▶ [DIRECTIONS FOR THIS TASK]: All lines from the one containing "Green star and sfifa braiding detail" through the end of the material are to be given back exactly, without pictures.

▶ [MATERIAL FOR THE TASK]:
----
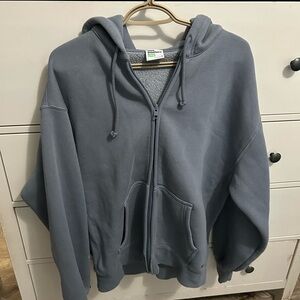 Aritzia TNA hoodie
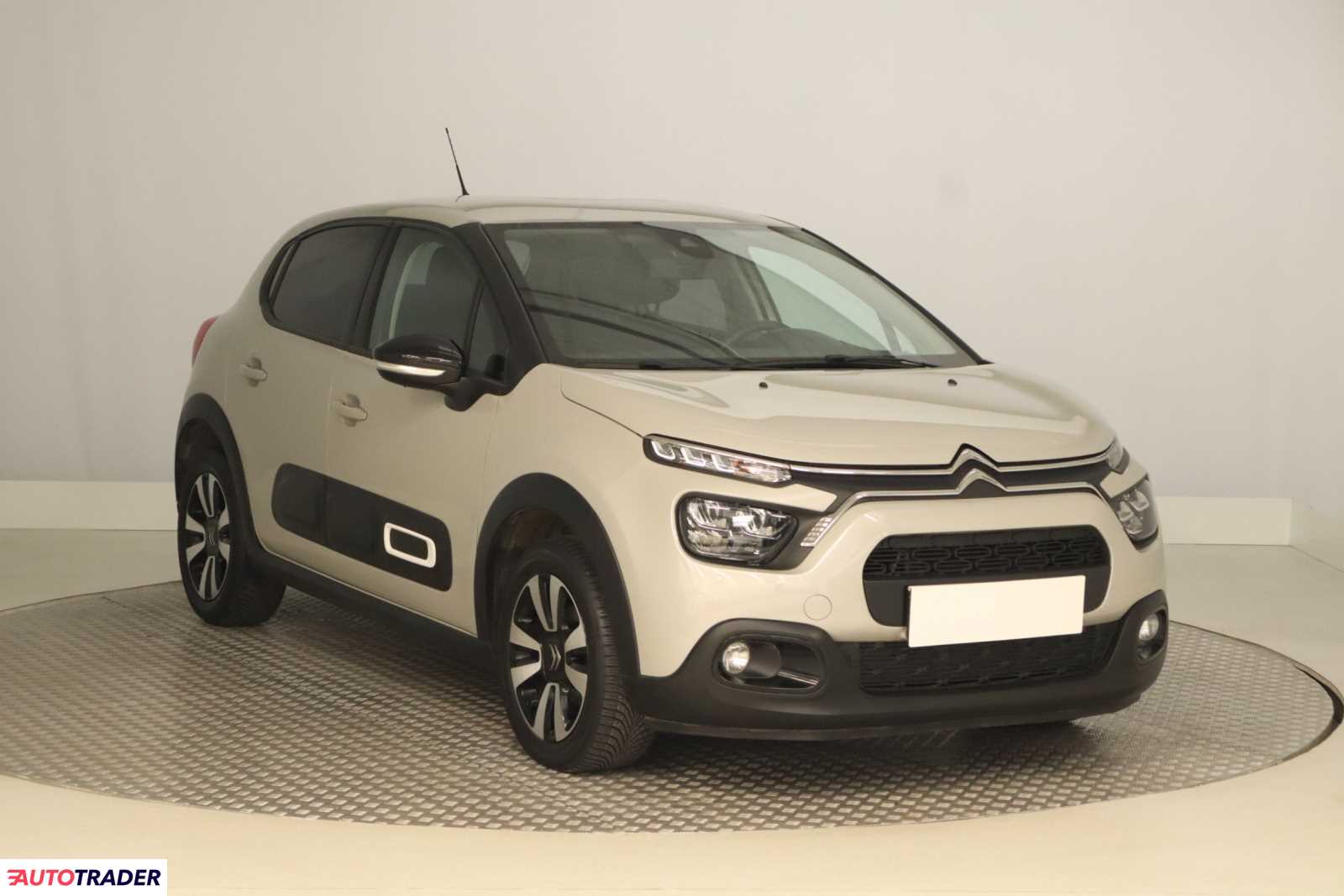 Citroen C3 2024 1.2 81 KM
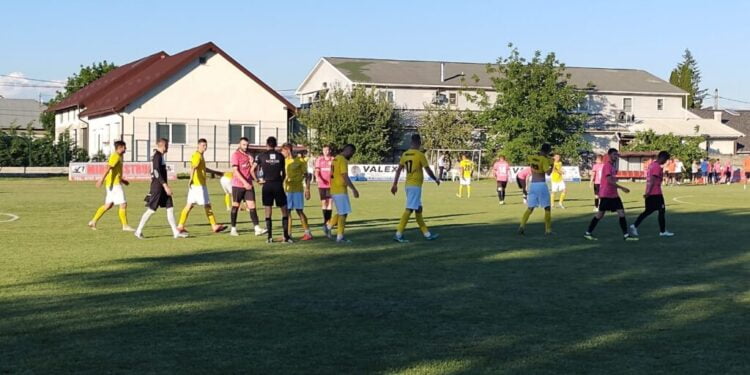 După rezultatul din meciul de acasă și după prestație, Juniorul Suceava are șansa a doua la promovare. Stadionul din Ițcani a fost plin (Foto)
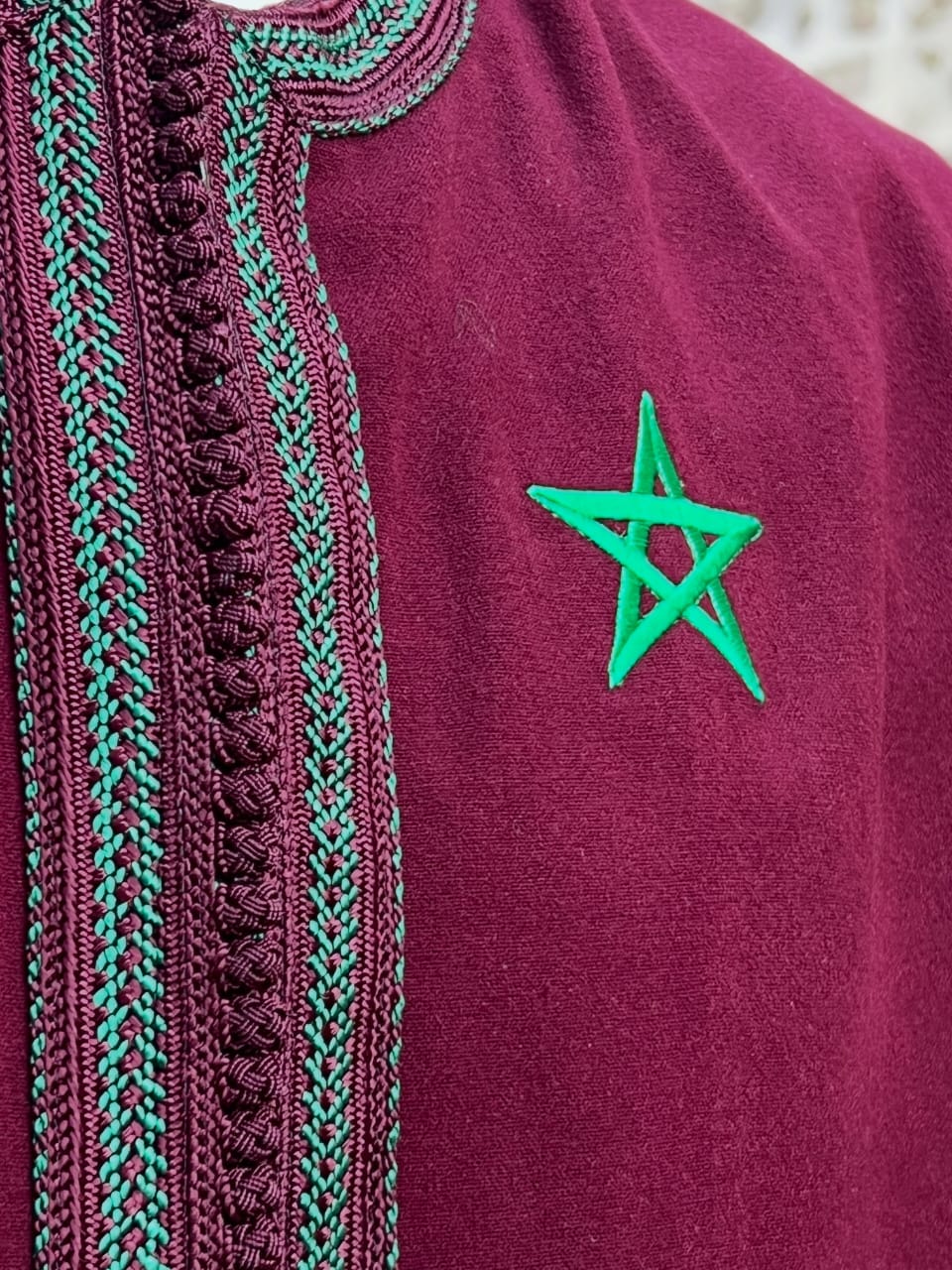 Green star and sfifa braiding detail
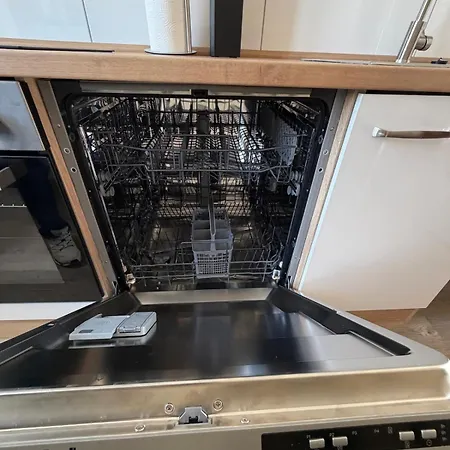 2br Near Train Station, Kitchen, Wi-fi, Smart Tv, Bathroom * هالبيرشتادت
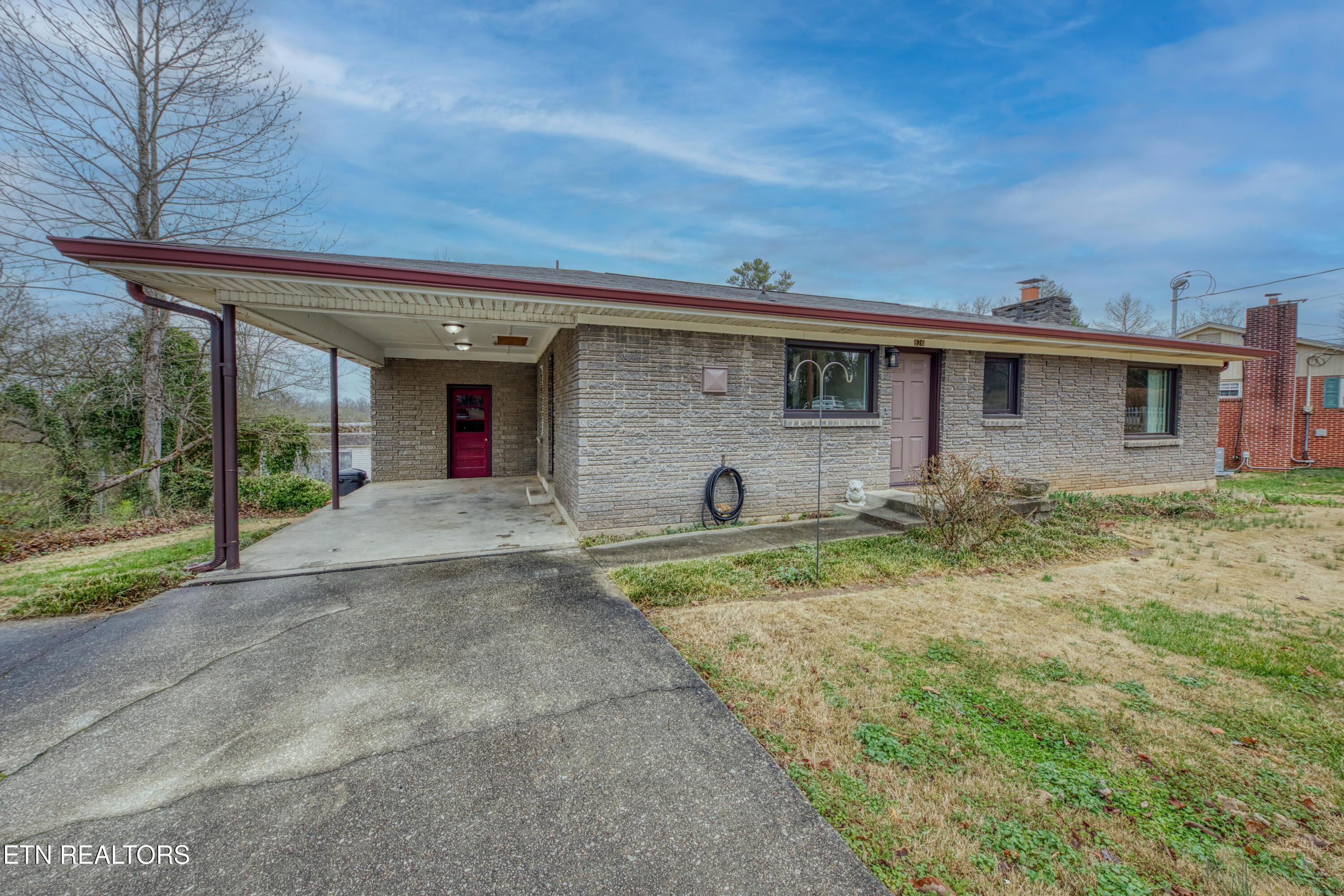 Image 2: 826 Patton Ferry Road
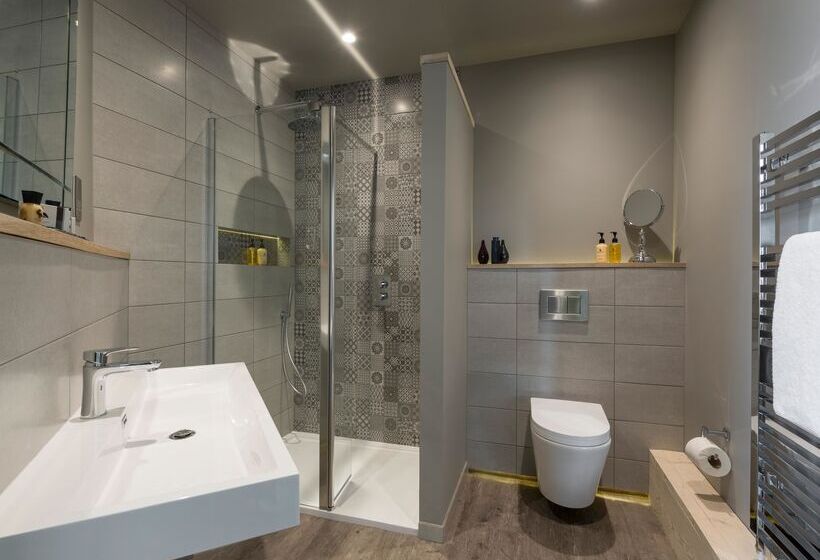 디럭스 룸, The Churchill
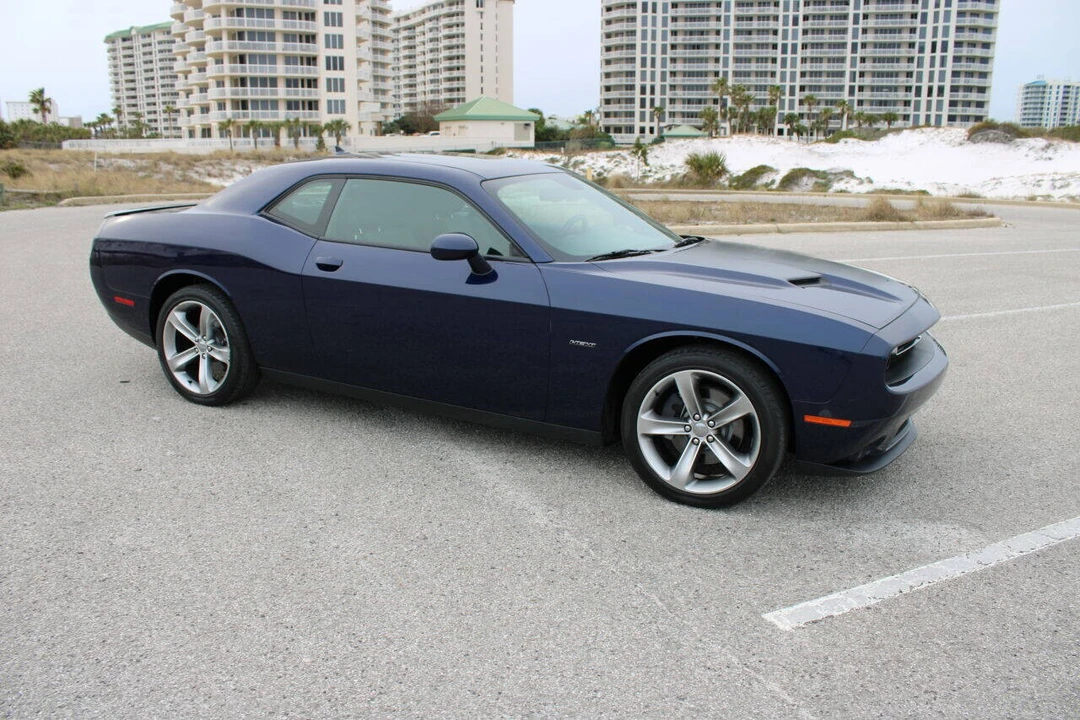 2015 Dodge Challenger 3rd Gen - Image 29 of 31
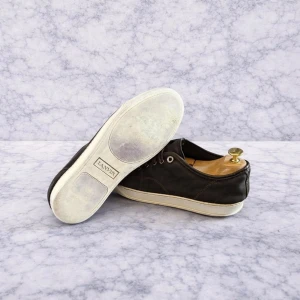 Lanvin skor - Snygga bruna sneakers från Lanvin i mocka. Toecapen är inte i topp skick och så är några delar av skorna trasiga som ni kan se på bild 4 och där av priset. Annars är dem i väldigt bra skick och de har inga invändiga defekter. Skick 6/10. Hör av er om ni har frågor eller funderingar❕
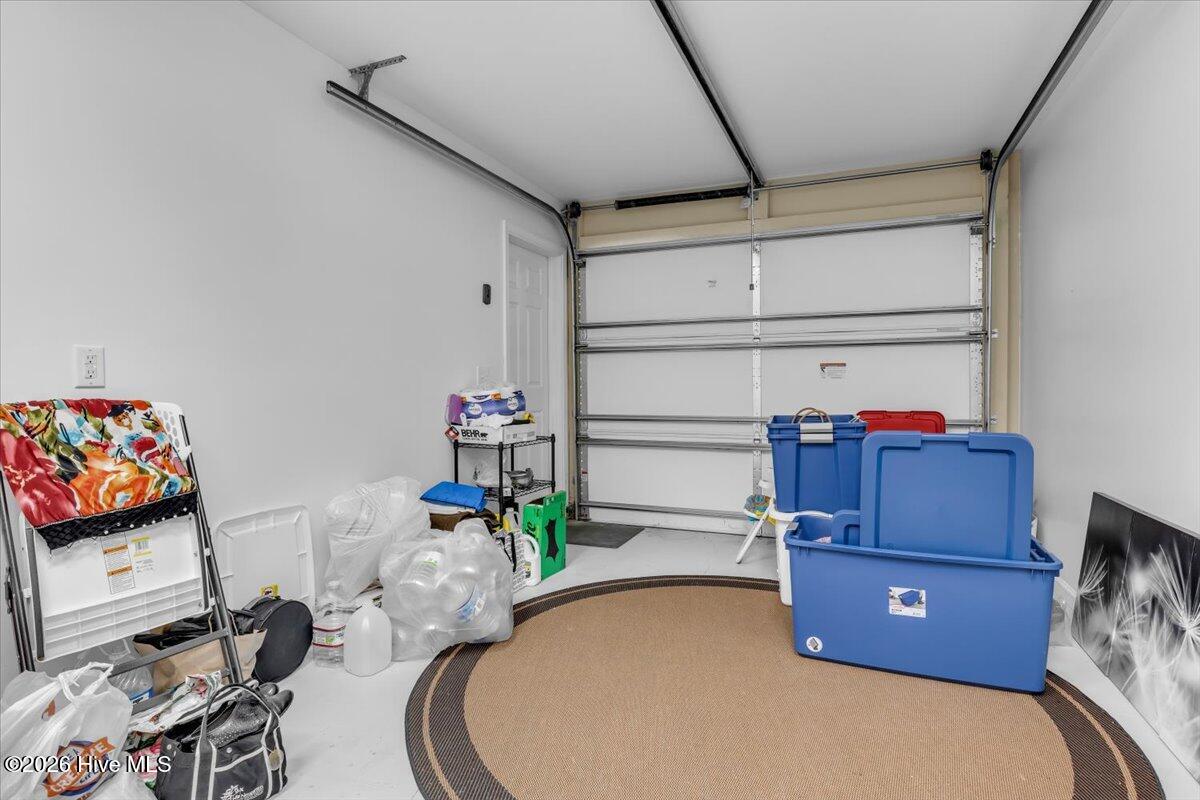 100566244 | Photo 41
----
▶ [TASK RESULT]:
 Green star and sfifa braiding detail
 2br Near Train Station, Kitchen, Wi-fi, Smart Tv, Bathroom * هالبيرشتادت
 Image 2: 826 Patton Ferry Road
 디럭스 룸, The Churchill
 2015 Dodge Challenger 3rd Gen - Image 29 of 31
 Lanvin skor - Snygga bruna sneakers från Lanvin i mocka. Toecapen är inte i topp skick och så är några delar av skorna trasiga som ni kan se på bild 4 och där av priset. Annars är dem i väldigt bra skick och de har inga invändiga defekter. Skick 6/10. Hör av er om ni har frågor eller funderingar❕
 100566244 | Photo 41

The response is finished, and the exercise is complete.